The perceived lack of legitimacy and absence of public support does not bode well and is likely to have a negative impact on cooperation with the KSC and the reaction to its judgements ( Jelena, ‘Legitimacy, Scope, and Conflicting Claims on the ICTY. Journal of Human Rights, 13:2, (2014): 170–185)
It will undoubtedly face significant barriers securing witness testimony due to the honour system within Albanian society and the likelihood of witness intimidation (Crosby and Zejneli 2019) The court’s convictions and acquittals may well reinforce support for, rather than discredit, the ideologies which caused conflict in the first place. This so called “ blowback effect” would entirely defeat the declared purpose of transitional justice. Overcoming such fundamental problems will be challenging to say the least.
The seemingly insuperable problem is the KSC’s toxic inheritance from the ICTY, a tribunal memorably characterised as “a rogue court with rigged rules.” (Travesty: The Trial of Slobodan Milosevic and the Corruption of International Justice, John Laughland Pluto Press, London, 2007)
The KSC remains part of the same overarching legal machinery specifically created to validate and perpetuate a false version of history in which the Serbs are forever branded as genocidal aggressors.
The crimes allegedly committed by the KLA were first publicised in 2008 in the memoirs of Carla Del Ponte, former chief prosecutor of the ICTY. A report for the European Parliament into her claims by their human rights rapporteur Dick Marty, found sufficient evidence to justify further investigation and legal action. Marty said that in Kosovo principles of justice had for too long been put aside for reasons of political expedience and stability. Crucially his report challenged the ‘official’ version of events by offering a more balanced, less simplistic analysis.
“The appalling crimes committed by Serbian forces, which stirred up very strong feelings worldwide, gave rise to a mood also reflected in the attitude of certain international agencies, based on the assumption that it was invariably one side which were the perpetrators of crimes and the other side the victims, thus necessarily innocent. The reality is less clear-cut and more complex.” (Marty Report)
He described a climate and tendency to view the conflict “through a lens that depicted everything as rather too clear cut: on one side the Serbs, who were seen as the evil oppressors, and on the other side the Kosovar Albanians who were seen as the innocent victims. In the horror and perpetration of crimes there can be no principle of compensation. There cannot and must not be one justice for the winners and another for the losers.”

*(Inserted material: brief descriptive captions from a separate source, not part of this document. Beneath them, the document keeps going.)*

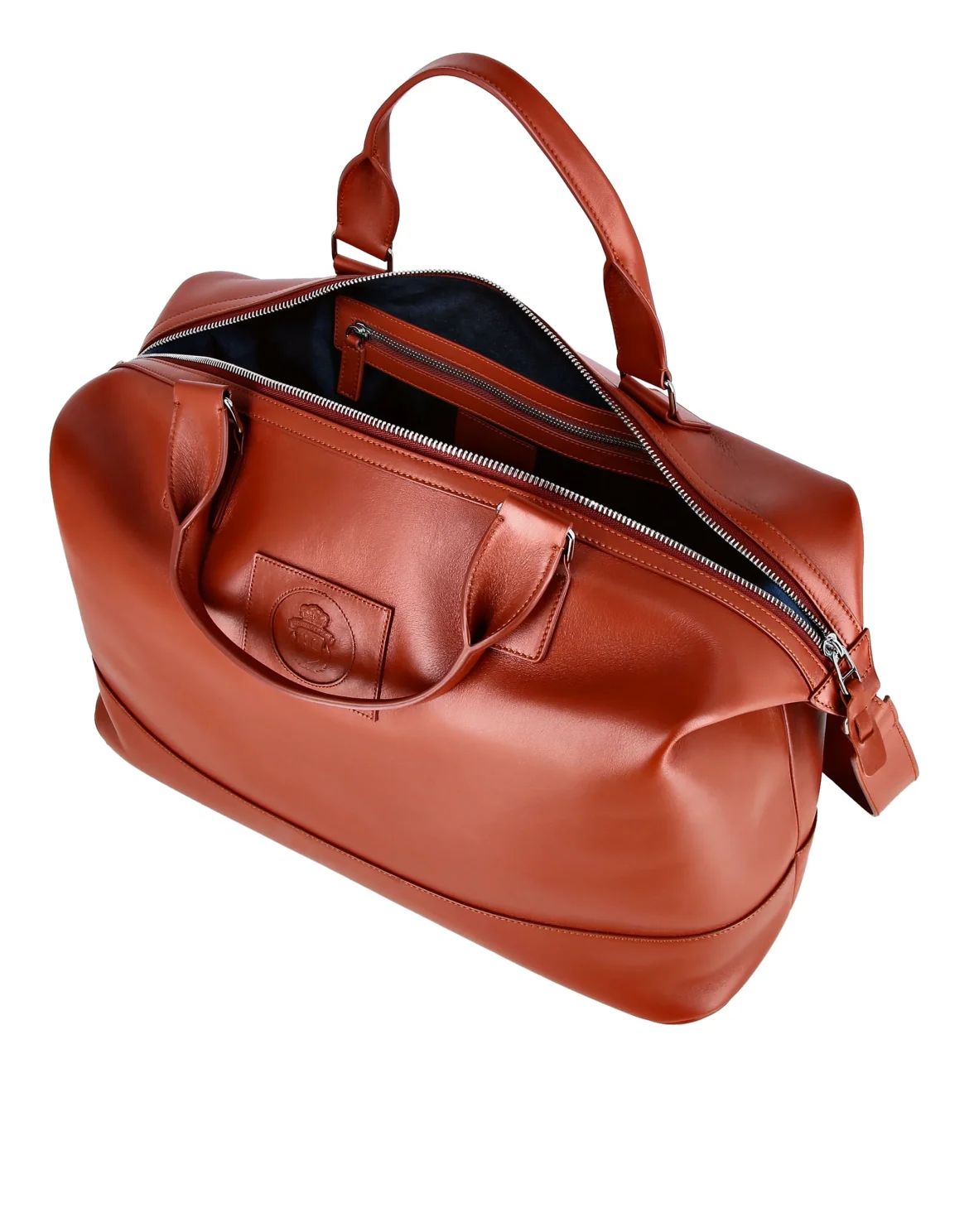 Leather Medium Travel Bag Crest, цвет: Коричневый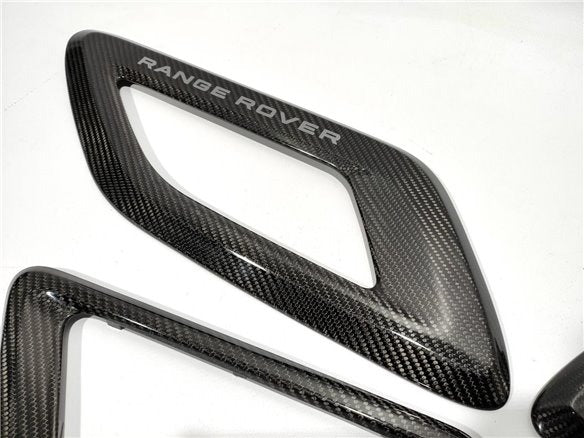 Carbon fiber fender and hood trim 4 pcs for Range Rover Sport L494 2013-2022 from Custom Class, featuring high-gloss UV protective varnish.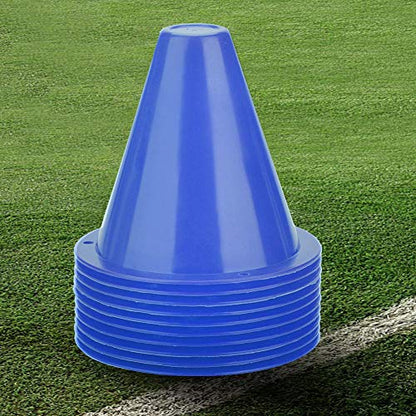 Alomejor Soccer Cones,10pcs Blue Agility Training Football Training Cones Durable for Youth Coaches Team Drills Field Practice Speed Exercises
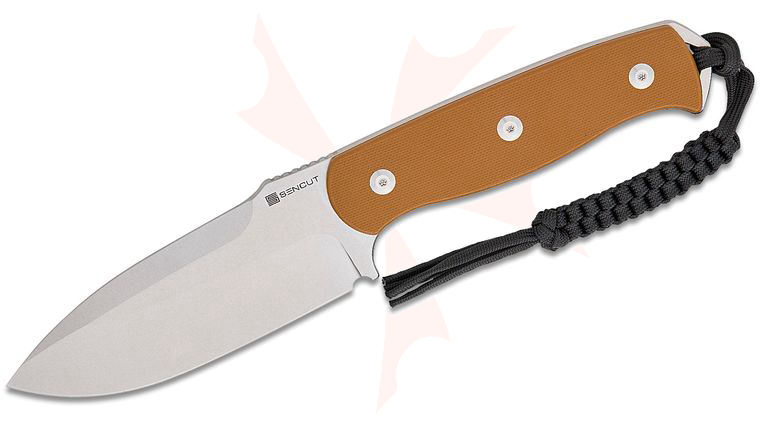 Sencut Knives Toxodon Fixed Blade Knife 4.57 inch 9Cr18MoV Stonewashed Drop Point Blade, Brown G10 Handles, Kydex Sheath with T-Clip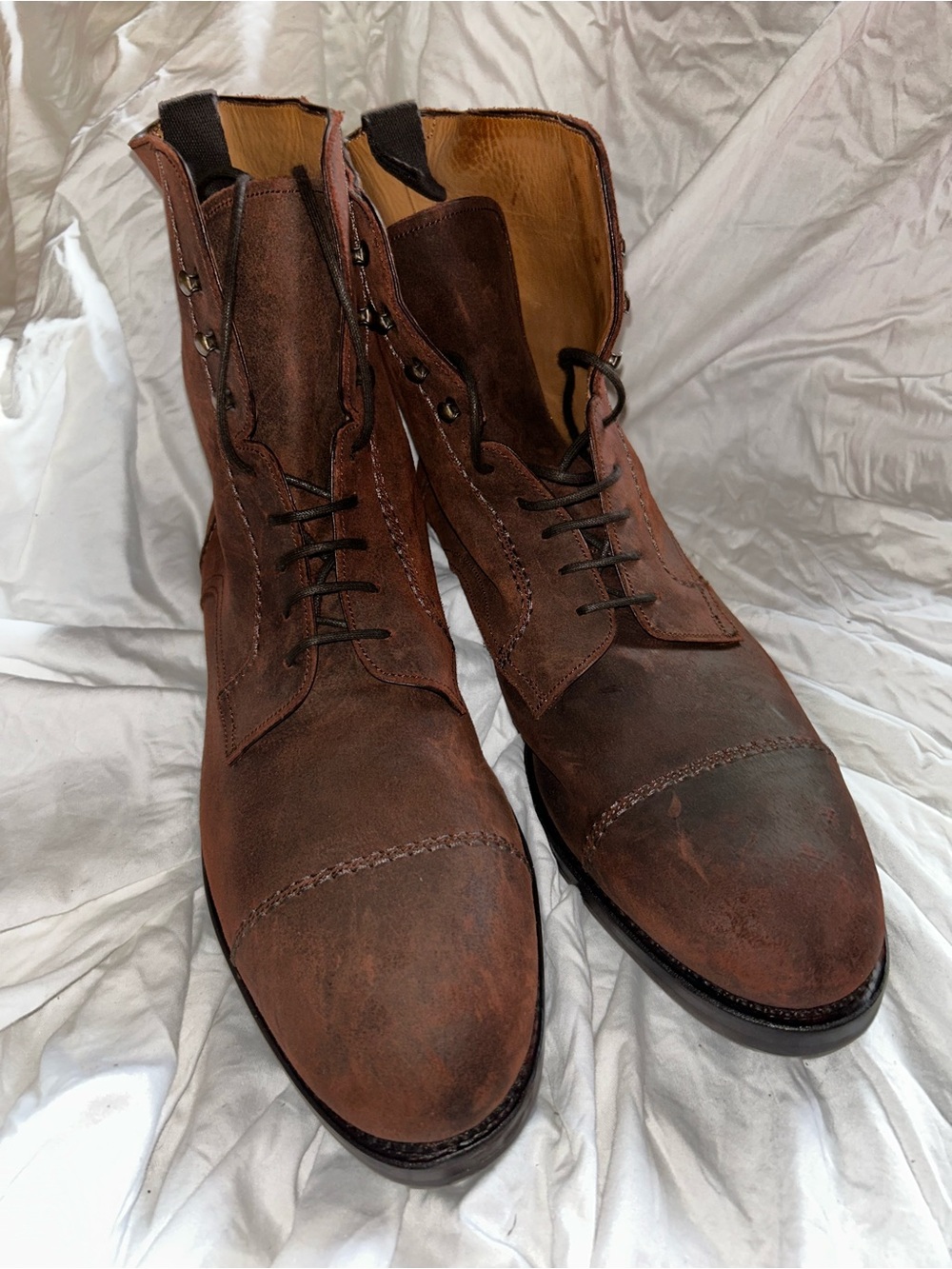 Carmina Men's Brown Leather Lace-Up Cap-Toe Boots 9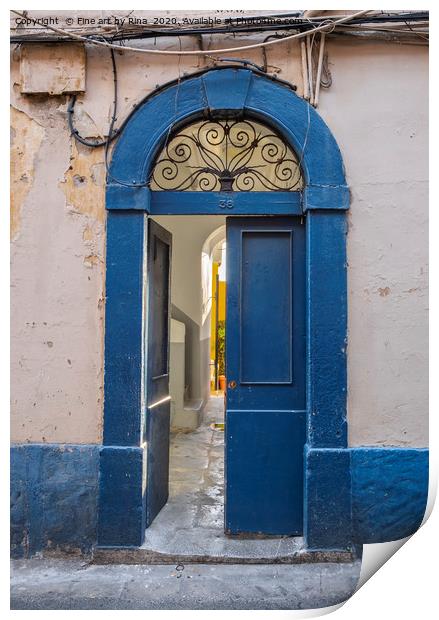 Blue door Print by Fine art by Rina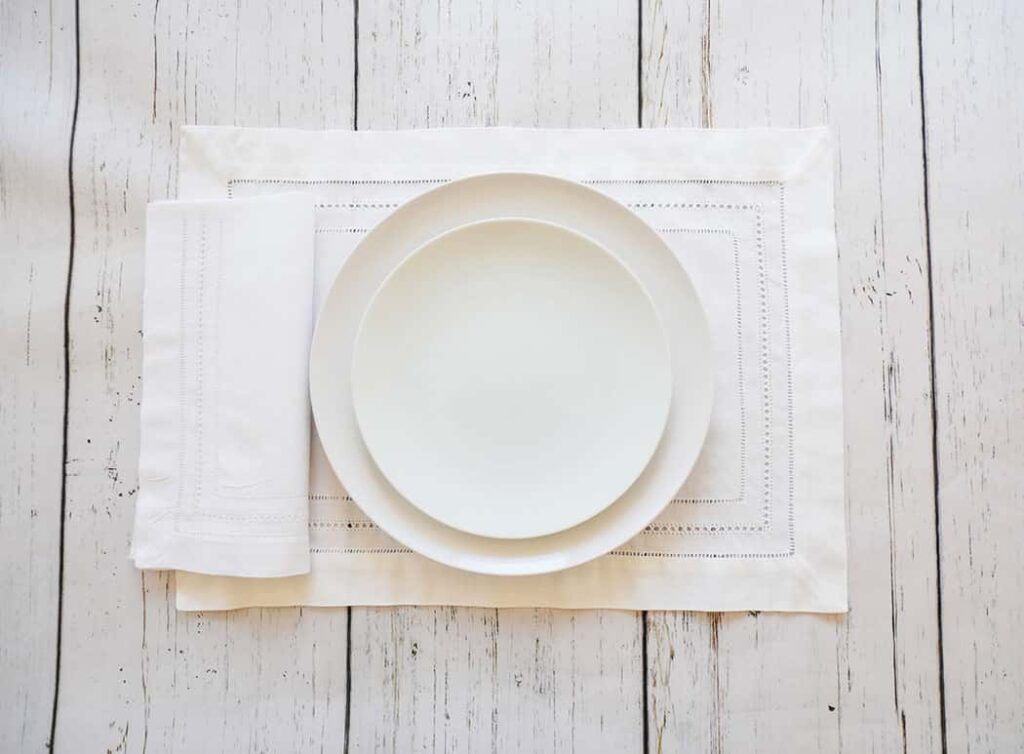 All white place setting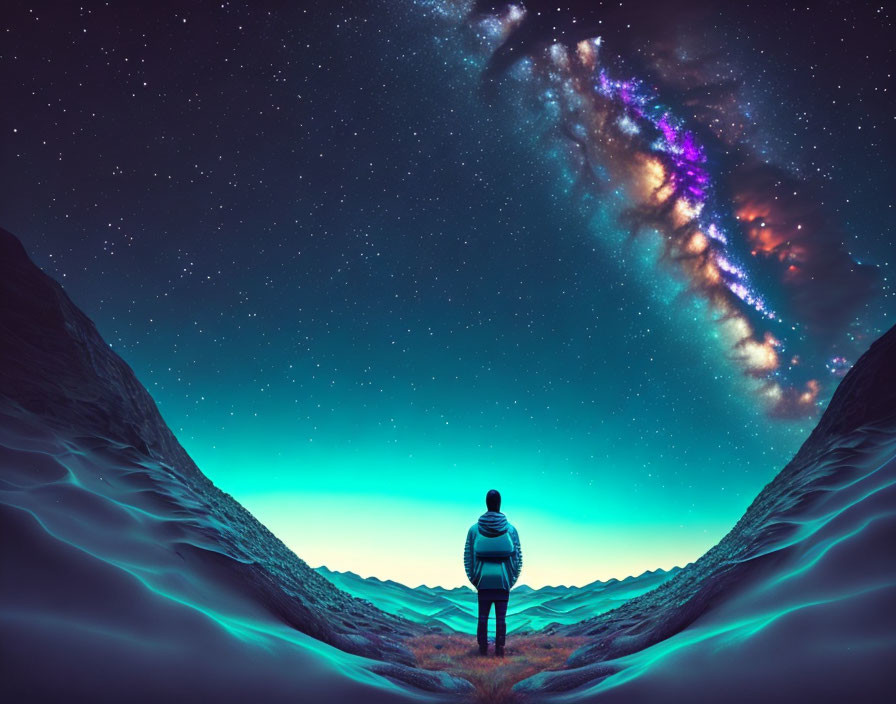 Person between two hills under starry sky with vibrant galactic view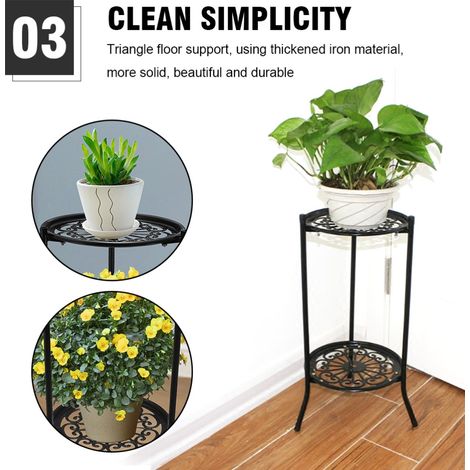 Étagère à double niveau pour pots de fleurs, étagère de rangement pour paniers de fleurs, étagère de rangement et d'organisation pour salon, noire. (1/5)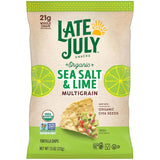 Late July Snacks Organic Multigrain Tortilla Chips Sea Salt and Lime 7.5-oz. Bag for Gluten-Free Kids and Vegan-Friendly Lunchboxes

It was precisely the ICTY’s discrimination and double standards that poisoned the well of justice. The trial of Muslim warlord Naser Oric was a spectacular case in point. Oric was the Bosnia army commander based in Srebrenica who is still regarded as a national hero. Notoriously bloodthirsty, he launched raids into local villages where his men slaughtered some 1600 Serbs. Oric was charged with failing to prevent men under his command from killing and mistreating Bosnian Serb prisoners in 1992-93. Although convicted he was immediately released because he had already served time in pretrial detention. Two years later the ICTY appeals chamber overturned his conviction, ruling that prosecutors had not proved that he had control over the men under his command!
The basic essence of justice demands that everyone be treated in the same way. Marty concluded “the duty to find the truth and administer justice must be discharged in order for genuine peace to be restored, and for the different communities to be reconciled and live together.”
That is the purpose at the heart of transitional justice but for the KSC to achieve it could well prove a step too far. If the judges are guided by precedent then sadly, the verdict is already in.